Le rideau se lève sur un pauvre hère, jeans troués et baskets sales, bonnet de laine sur la tête. Peut-être un clandestin. Paumé. Il tente de vendre un téléphone portable. Mais personne n’est là pour le lui acheter. De dépit, il le jette violemment à terre. Se ravisant, il le ramasse et le met dans sa poche, attrape une bouteille d’eau, en boit une gorgée, la jette. Son regard est vide, celui d’un désespéré, un peu aigri. Il rabat soudain son bonnet sur sa figure, enlève sa veste, supplie, crie... Mais aucun son ne sort de sa bouche. Sa situation lui apparaît alors dans toute son horreur : il est seul, il a faim, il a soif, il a froid, il a peur… Il tombe à genoux, marmonne quelques paroles inintelligibles, si ce n’est un timide « Welcome » ou, encore, « Mes amis ne sont pas heureux… Pour des raisons différentes... C’est très différent pour les Noirs et les Arabes… ». Puis, se ressaisissant, il hurle à plusieurs reprises, de plus en plus fort : « Get out, get out… ».

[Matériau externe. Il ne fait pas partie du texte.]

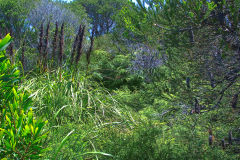 View on a hike at the North Cape near Manly in Sydney, Australia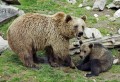 Бурый медведь в зоопарке Эхтяри, Финляндия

Le « welcome » n’est qu’utopie. Il faut se dépolluer pour avoir une chance de survivre. Et de se nettoyer en recrachant sur son corps la seule eau potable qui lui restait encore : « Nous sommes au centre de la ville, au bord d’un suicide planifié » dira t-il dans un souffle.

Une voix au loin soudain l’appelle: « Christian ?… » Merde, merde, dit-il. Et de penser : je suis découvert, démasqué. La peur lui tenaille à nouveau les entrailles. Pourra t’il conjurer le sort ? Dans un sursaut d’espoir, pour se purifier ou expier ses fautes, il répand du sang sur le sol, trace une grande croix rouge avec son corps et se place au centre, tournant, dans sa folie, sur lui-même. Il se culpabilise. Se traite de tous les noms. Se flagelle. Pleure. Il attrape un micro. Cherche à dire quelques mots. Mais, là encore, aucun son ne sort. On comprend dès lors qu’il n’y a plus rien à faire pour lui. Dans son inhospitalité, la ville - Paris - l’a rejeté. Il ne lui reste plus dès lors que le plaisir de se masturber…

Insoutenable par moments, l’œuvre est également poignante, par la force de son message. Mais aussi - et surtout - par sa mise en scène. Le chorégraphe comme son interprète, Christian Bakalov, ont travaillé avec Jan Fabre. Avec Jérôme Bel aussi. Deux extrémistes pour lesquels la beauté, telle que nous pouvons la concevoir, est reléguée au second plan. Pourvu que le message passe et s’inscrive dans nos mémoires. Or celui-ci ne laisse personne indifférent.

 

 J.M. Gourreau

 

Paris

/ Ivo Dimchev, Théâtre de Vanves, Scène conventionnée, Février 2010, dans le cadre de ArtDanThé.